GOAL OF THE EXERCISE:
Repeat the listing exactly, minus the pictures.

RECORDED INFORMATION:
-- Opening Marker --
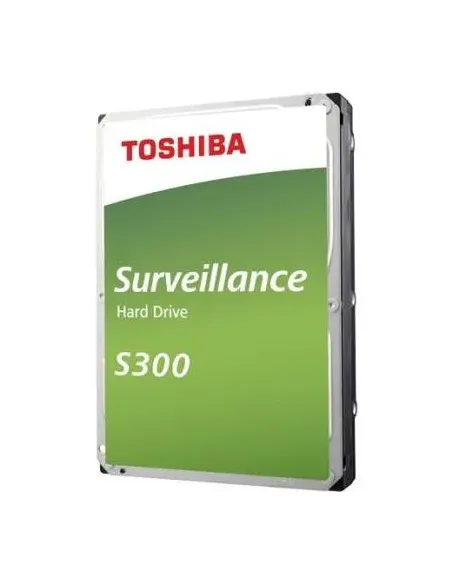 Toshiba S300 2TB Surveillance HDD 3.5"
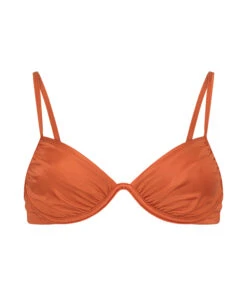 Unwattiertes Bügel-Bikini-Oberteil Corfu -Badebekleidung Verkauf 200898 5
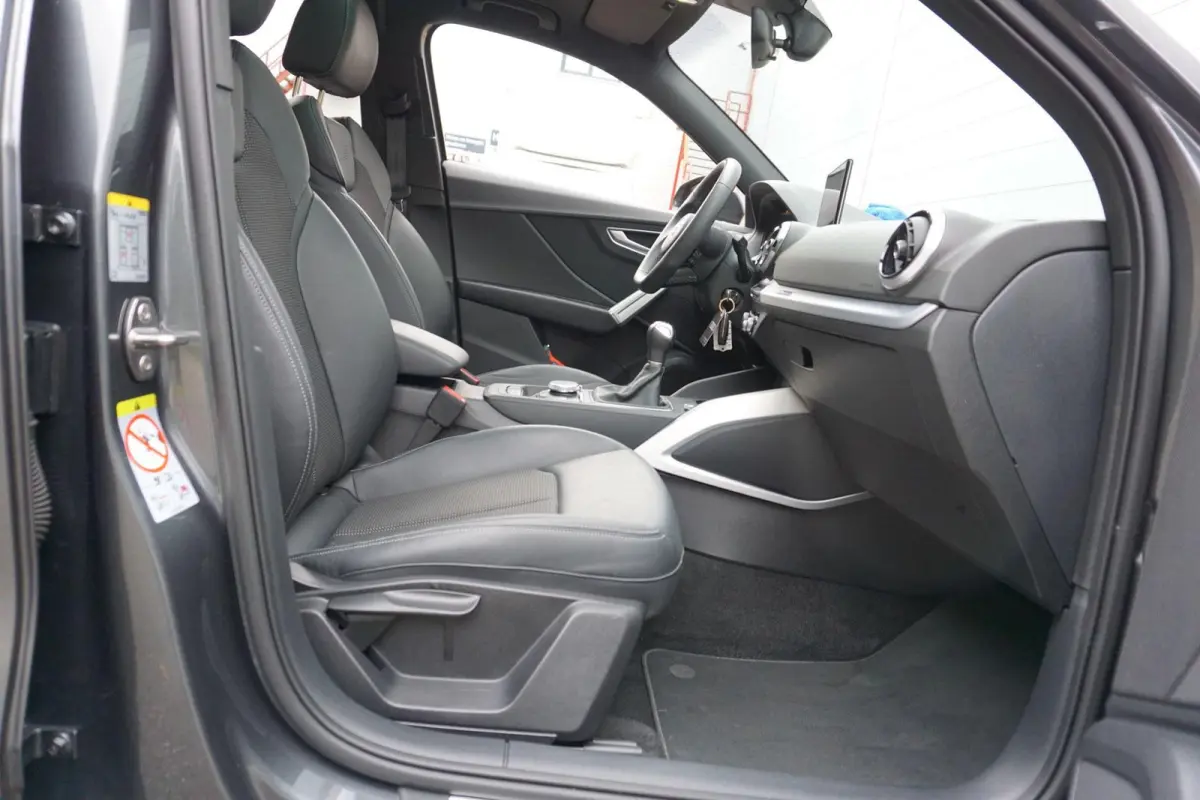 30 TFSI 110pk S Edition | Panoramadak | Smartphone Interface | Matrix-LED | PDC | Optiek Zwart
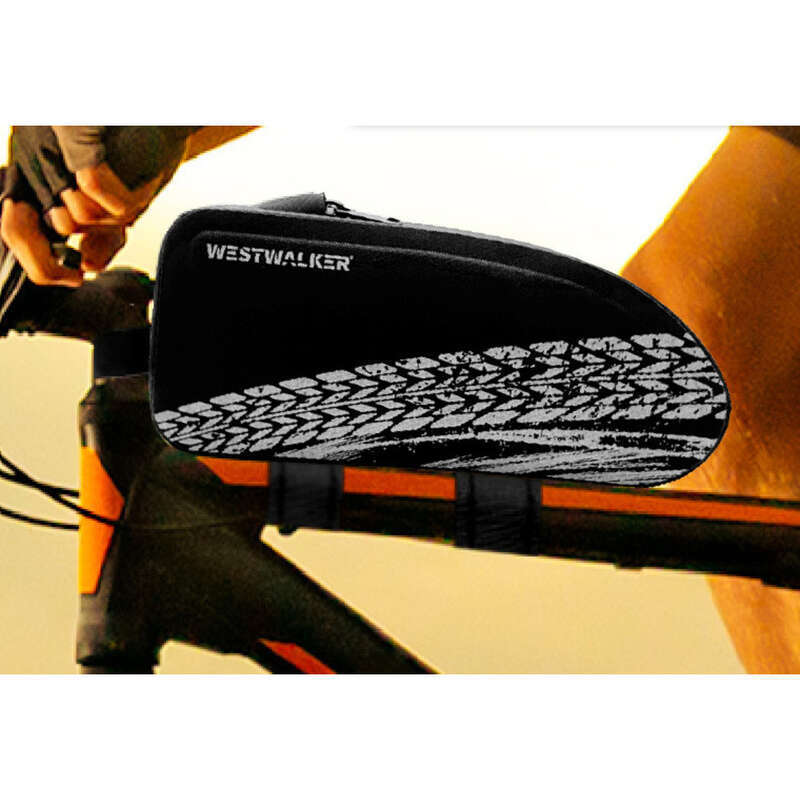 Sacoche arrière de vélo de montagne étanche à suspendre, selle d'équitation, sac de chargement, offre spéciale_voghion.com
-- Closing Marker --
SOLUTION TO THIS TASK:
 Toshiba S300 2TB Surveillance HDD 3.5"
 Unwattiertes Bügel-Bikini-Oberteil Corfu -Badebekleidung Verkauf 200898 5
 30 TFSI 110pk S Edition | Panoramadak | Smartphone Interface | Matrix-LED | PDC | Optiek Zwart
 Sacoche arrière de vélo de montagne étanche à suspendre, selle d'équitation, sac de chargement, offre spéciale_voghion.com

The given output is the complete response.